Translations of Joseph Roth's letters capture the inner man in all his rawness.

joseph roth book 521 (photo credit: WIKIMEDIA COMMONS)
joseph roth book 521
(photo credit: WIKIMEDIA COMMONS)
A literary correspondence is bound to be lively when the person conducting it is “a ferocious, gifted, principled, and implacable hater.”
Take a bow, Joseph Roth: the prodigiously talented Jewish author of The Radetsky March and chronicler of the moral collapse of German-speaking Central Europe in the early decades of the 20th century. He fell out with pretty much every newspaper and publisher, which published his sharply observed feuilletons and novels.
But other passions make themselves felt.
His turbulent spirit ached for the tolerant times of the Habsburg Empire, and sought pockets of relief elsewhere in Europe. His friendship with fellow author Stefan Zweig also gave him solace. Yet many of these letters are screams, not cries, for help, as despair and alcohol tighten their grip. “I am finished.” “I am dying.” “Save me.” They do not make easy reading.
If Roth was Austria’s “poor lieutenant,” then Michael Hofmann is Roth’s aide. Hofmann, who has translated almost everything Roth wrote, fills these letters with a jagged, mercurial and febrile energy that captures the inner man in all his rawness.
The “implacable hater” quotation comes from him.

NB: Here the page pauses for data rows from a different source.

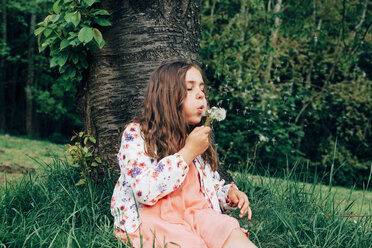 Portrait of girl sitting on a meadow blowing blowball - ANHF00103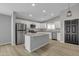 Modern kitchen featuring stainless steel appliances, island, and stylish cabinets at 10810 W Torren Dr, Arizona City, AZ 85123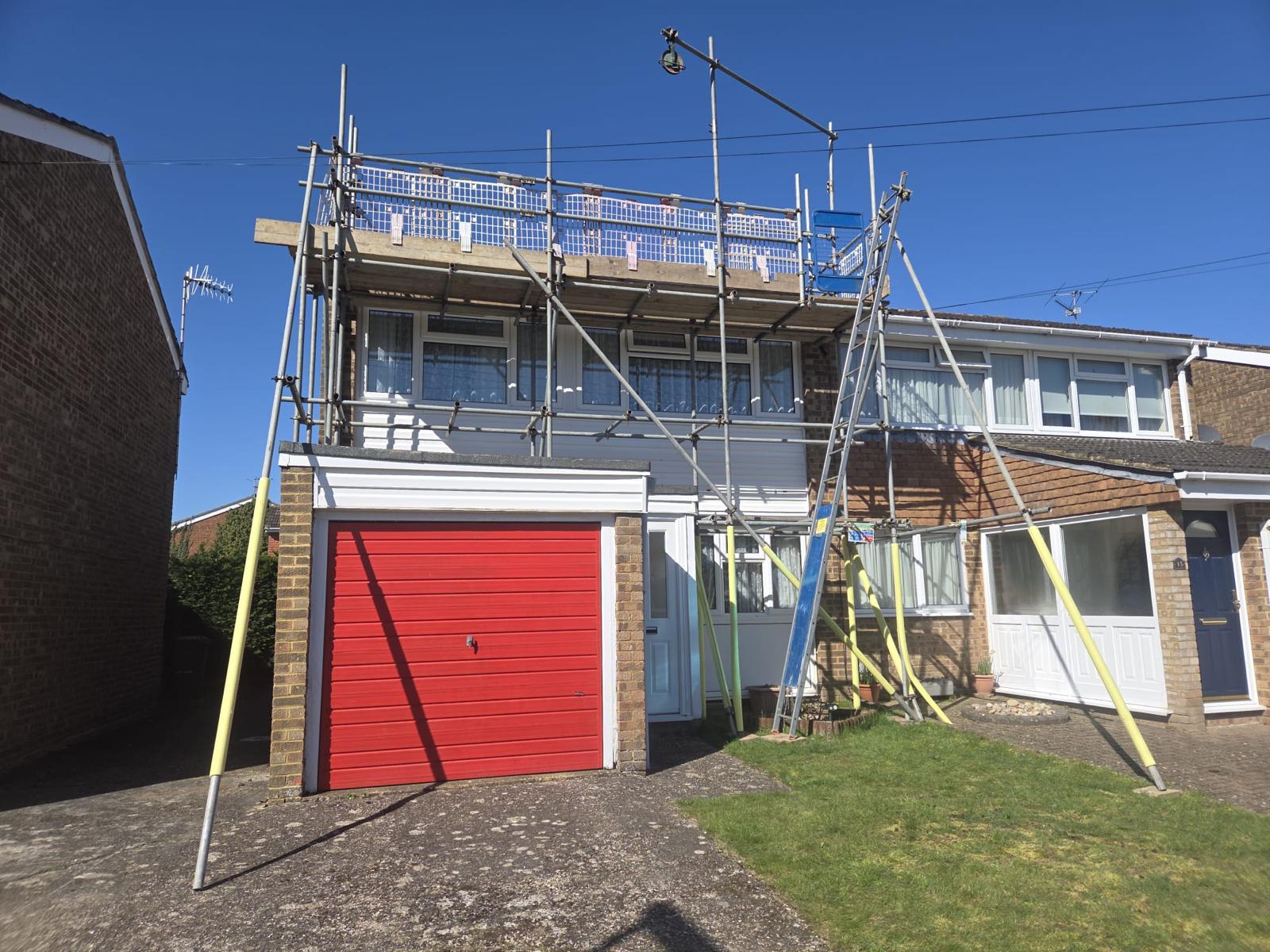 Domestic scaffolding erected by ATC Scaffolding around a house for roofing and exterior works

And it is Hofmann who describes these letters as “the protocol of a man going over the edge of the world in a barrel.” Roth completed the process by drinking himself to death in Paris in May 1939, cheating Hitler by a year. Those with a strong interest in Roth, and the German-speaking literary milieu in which he moved, will find this collection essential. For those who find this sort of correspondence too painful to read (and it is painful), my suggestion is to concentrate on Roth’s other works instead.